> **Exercise description**
Given the records below, would you repeat exactly the lines that begin at the one containing "Κατέρρευσε η αδερφή" and end at the one containing "Gucci Monogram Wallet, front view", inclusive?

[Short text fragments from websites]
━━━━━━━━━━━━━━━━━━━━

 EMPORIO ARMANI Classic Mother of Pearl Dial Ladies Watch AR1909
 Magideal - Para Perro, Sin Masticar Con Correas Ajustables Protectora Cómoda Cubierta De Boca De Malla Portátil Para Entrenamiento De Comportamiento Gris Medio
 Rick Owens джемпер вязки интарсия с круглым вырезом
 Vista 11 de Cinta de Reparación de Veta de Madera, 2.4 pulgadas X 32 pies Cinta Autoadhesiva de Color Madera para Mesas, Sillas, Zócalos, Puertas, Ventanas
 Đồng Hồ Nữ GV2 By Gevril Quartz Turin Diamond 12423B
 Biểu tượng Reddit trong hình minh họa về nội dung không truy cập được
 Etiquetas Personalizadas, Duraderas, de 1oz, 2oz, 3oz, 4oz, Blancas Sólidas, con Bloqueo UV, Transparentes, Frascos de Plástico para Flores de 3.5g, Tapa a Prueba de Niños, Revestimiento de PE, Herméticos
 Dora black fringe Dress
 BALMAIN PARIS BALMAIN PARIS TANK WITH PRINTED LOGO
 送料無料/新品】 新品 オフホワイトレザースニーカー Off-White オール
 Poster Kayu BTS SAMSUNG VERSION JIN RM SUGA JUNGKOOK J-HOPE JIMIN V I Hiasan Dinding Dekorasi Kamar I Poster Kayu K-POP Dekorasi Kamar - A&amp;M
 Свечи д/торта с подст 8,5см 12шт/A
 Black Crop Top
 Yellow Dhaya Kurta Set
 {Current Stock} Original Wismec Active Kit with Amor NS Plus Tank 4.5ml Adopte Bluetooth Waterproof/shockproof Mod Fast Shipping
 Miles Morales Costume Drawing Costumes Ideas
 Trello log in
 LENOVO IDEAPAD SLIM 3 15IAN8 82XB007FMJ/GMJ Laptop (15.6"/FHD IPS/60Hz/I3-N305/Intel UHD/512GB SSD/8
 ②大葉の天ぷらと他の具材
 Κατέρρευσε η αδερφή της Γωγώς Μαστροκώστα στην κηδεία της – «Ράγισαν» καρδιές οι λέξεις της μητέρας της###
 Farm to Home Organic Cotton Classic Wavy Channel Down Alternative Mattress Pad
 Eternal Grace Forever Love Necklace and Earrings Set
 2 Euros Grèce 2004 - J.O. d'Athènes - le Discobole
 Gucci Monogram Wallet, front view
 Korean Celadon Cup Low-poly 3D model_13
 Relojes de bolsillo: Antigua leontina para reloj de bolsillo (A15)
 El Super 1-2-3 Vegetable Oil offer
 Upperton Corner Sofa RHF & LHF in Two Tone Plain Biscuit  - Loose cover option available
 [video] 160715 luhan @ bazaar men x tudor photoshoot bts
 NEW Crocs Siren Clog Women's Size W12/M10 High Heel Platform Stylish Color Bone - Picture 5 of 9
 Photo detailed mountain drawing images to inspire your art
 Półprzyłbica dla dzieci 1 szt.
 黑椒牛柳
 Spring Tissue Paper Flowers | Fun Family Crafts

━━━━━━━━━━━━━━━━━━━━

> **Answer space**
 Κατέρρευσε η αδερφή της Γωγώς Μαστροκώστα στην κηδεία της – «Ράγισαν» καρδιές οι λέξεις της μητέρας της###
 Farm to Home Organic Cotton Classic Wavy Channel Down Alternative Mattress Pad
 Eternal Grace Forever Love Necklace and Earrings Set
 2 Euros Grèce 2004 - J.O. d'Athènes - le Discobole
 Gucci Monogram Wallet, front view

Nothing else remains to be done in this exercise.